First, regarding American colleges, Bivens-Tatum says they indoctrinate students “into methods for how they should form beliefs about the world”.  He claims that:

“The motivation for scholarship and teaching is to investigate any topic of interest and follow the investigation wherever the evidence leads. It doesn’t matter if the evidence contradicts some religious authority. In the battle between reasoned argument and the unsupported claims of a religious text, reason wins, at least in the academy.  One goal of a college education is to indoctrinate students to believe that this method of scholarship is a good thing.”
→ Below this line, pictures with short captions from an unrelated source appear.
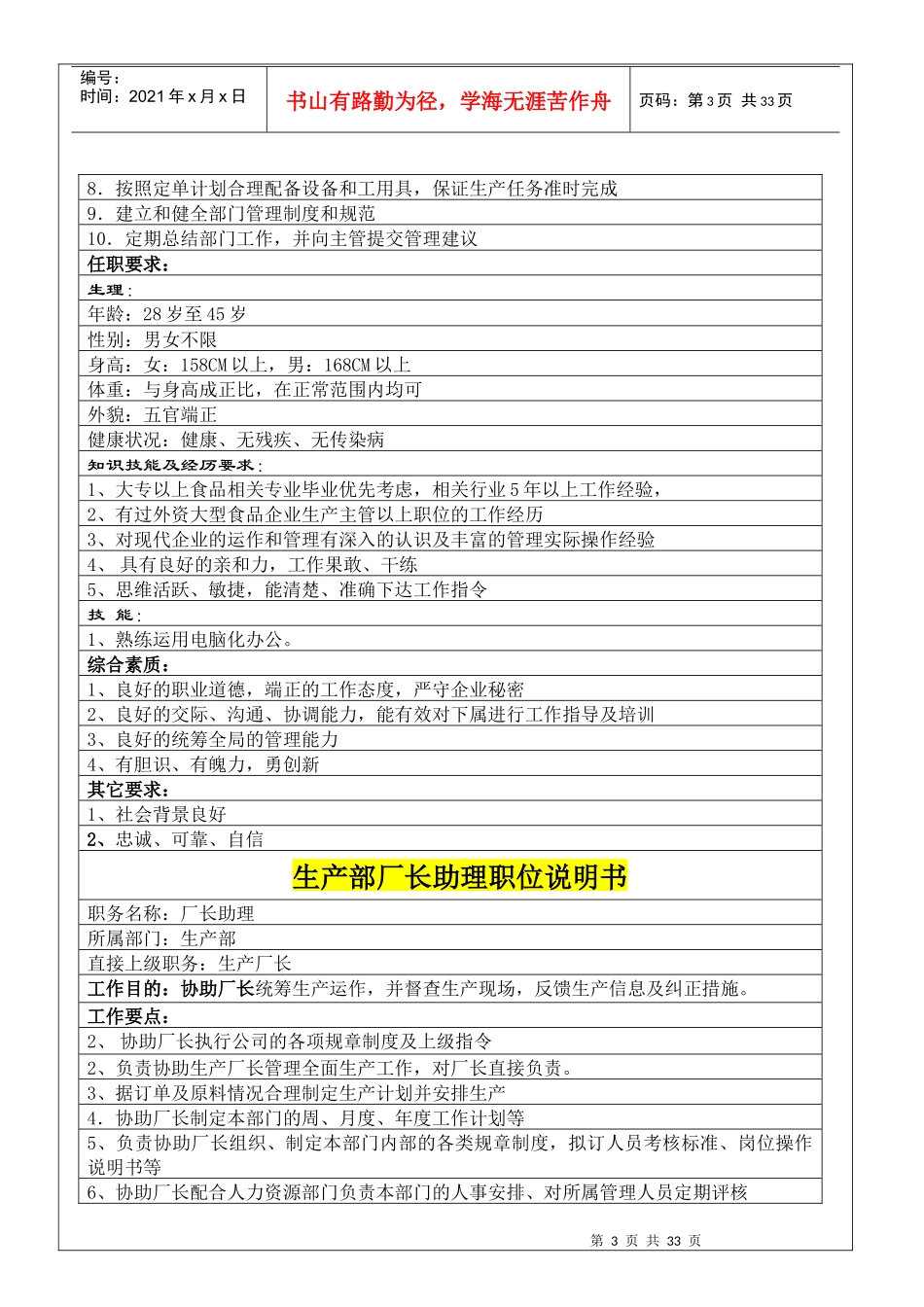 生产部职务说明书5117753469_第3页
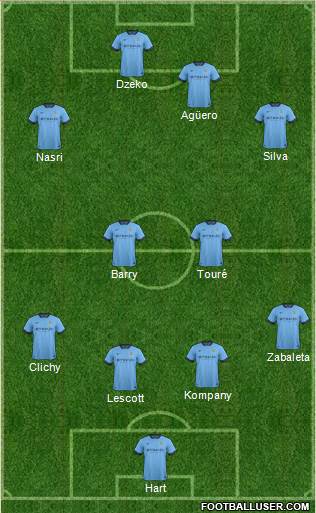 Manchester City Formation 2015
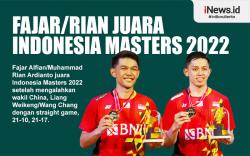 Fajar/Rian Juara Indonesia Masters 2022 Usai Libas Duo China,
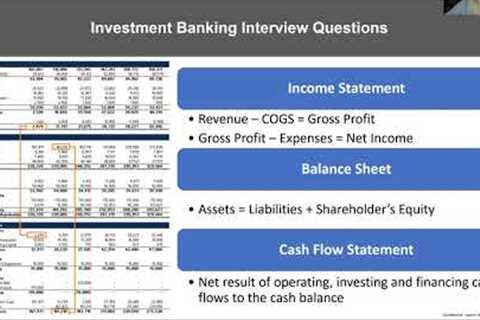 Finance Recruiting: Investment Banking and Sales and Trading Interviews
Regarding libraries, he says:

“Academic library collections are designed to support critical thinking, skepticism about the known, and curiosity about the unknown… we [challenge] students to think critically about what they read and see, to ask hard questions: Who claims that? How do they know? What do others say? What are the arguments and evidence on every side? These seem like harmless questions designed to provoke skepticism and critical thinking, harmless, that is, until you realize skepticism and critical thinking are not the foundations upon which religions are built.

…Reason, analysis, evidence, critical thinking, and temperate debate: these are all good things indifferent to political or religious beliefs… If those are bad things, there’s little purpose to universities or academic libraries.”

I appreciate Wayne Bivens-Tatum as a philosopher and deep thinker when it comes to libraries and their role.  He is, after all, also the author of what I consider a very informative work of scholarship, “Libraries and the Enlightenment”. 

That said, there is much room to question some of what he says.  My first point would be note that there is biblical warrant for many of the “Enlightenment values” he espouses (see p. 190) – there is, after all, a good reason why so many Christians went along with the “Enlightenment program” he discusses in its early stages.  Second, note for example the phenomenon of Calvin College, a Christian college of the Dutch Reformed persuasion.  Calvin is well-known for its “many noted writers, poets, philosophers, theologians, politicians, and teachers” (Benne, Robert, Quality With Soul, Eerdmans, 2001, p. 69).  And yet, at Calvin College, they explicitly instruct students that belief in God is a basic belief – meaning that it is a belief one argues from and not one we argue to.  For world-renowned Calvin professor, Alvin Plantiga, St. Augustine’s statement about “faith seeking understanding” – which Bivens-Tatum is critical of – makes perfect sense.  Belief in God is rational, he argues, even though it is a logical error to give reasons for it* (Christenson, Tom, The Gift and Task of Lutheran Higher Education, Augsburg Fortress, 2004, p. 95).